======== Supplied material ========

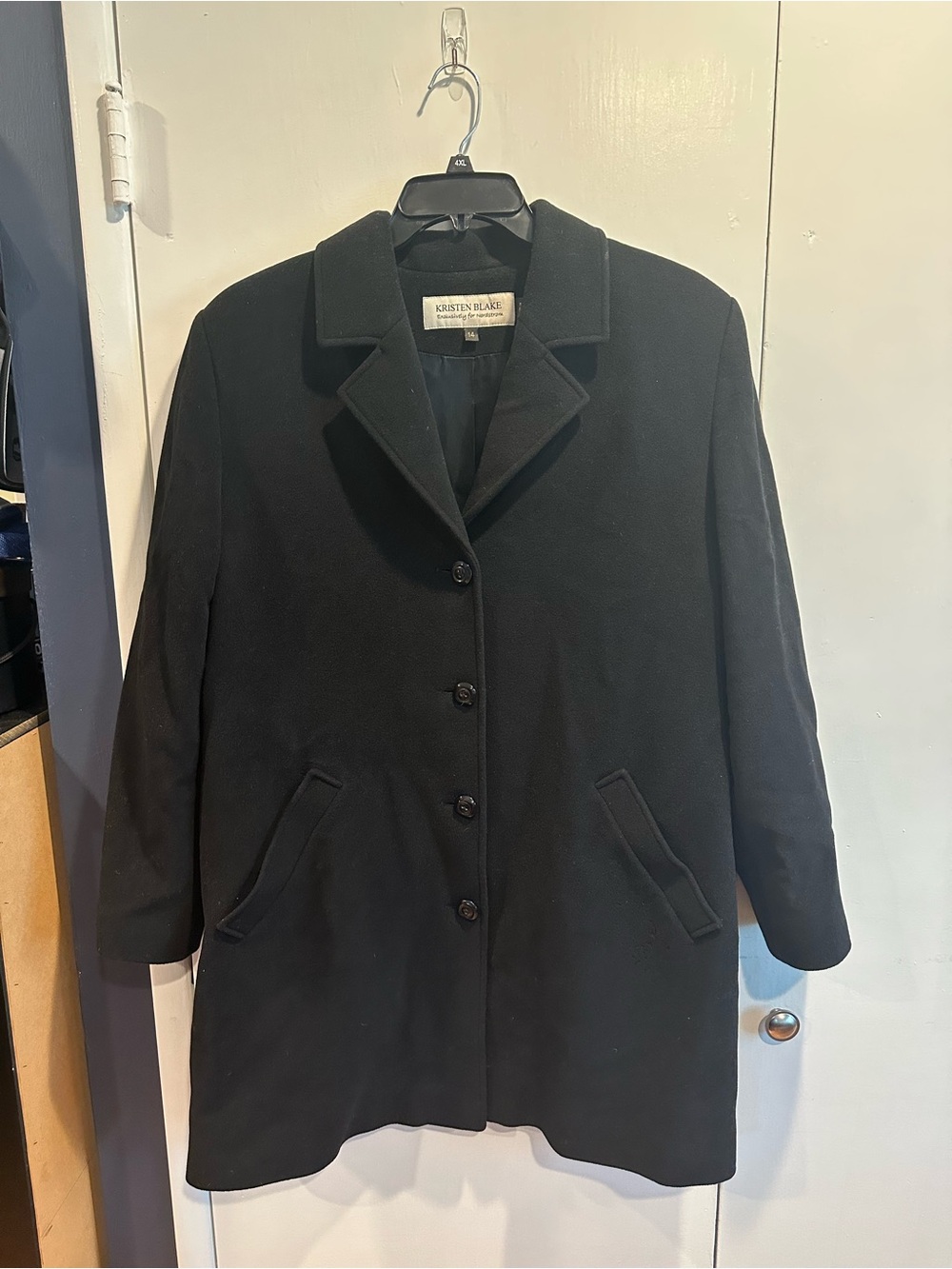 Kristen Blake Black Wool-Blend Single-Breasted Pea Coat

========
======== Supplied material ========

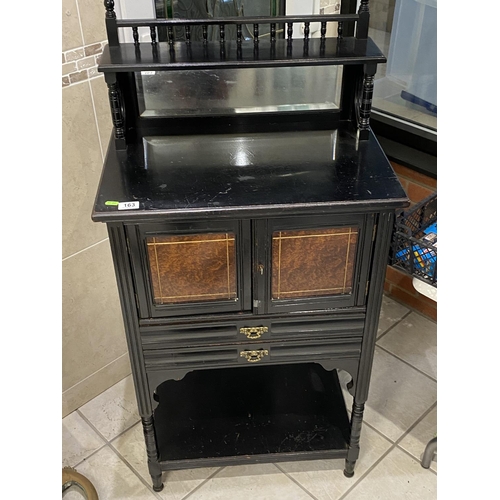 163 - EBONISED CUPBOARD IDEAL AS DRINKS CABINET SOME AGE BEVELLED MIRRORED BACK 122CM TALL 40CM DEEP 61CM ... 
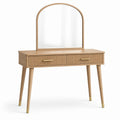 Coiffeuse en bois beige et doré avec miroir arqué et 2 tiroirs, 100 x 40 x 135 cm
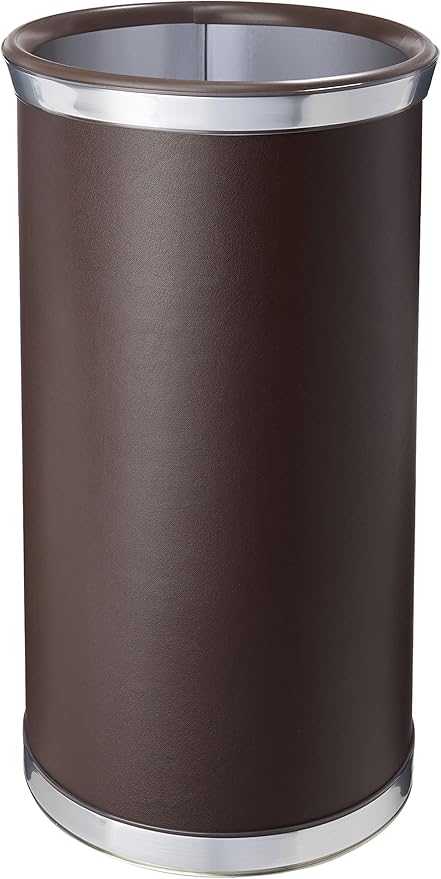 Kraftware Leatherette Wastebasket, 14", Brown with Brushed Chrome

========

Task goal: Go back to the listing above and write out the lines starting at the one with "163 - EBONISED" and ending at the one with "with Brushed Chrome", inclusive, exactly and without pictures.

Final answer:
 163 - EBONISED CUPBOARD IDEAL AS DRINKS CABINET SOME AGE BEVELLED MIRRORED BACK 122CM TALL 40CM DEEP 61CM ... 
 Coiffeuse en bois beige et doré avec miroir arqué et 2 tiroirs, 100 x 40 x 135 cm
 Kraftware Leatherette Wastebasket, 14", Brown with Brushed Chrome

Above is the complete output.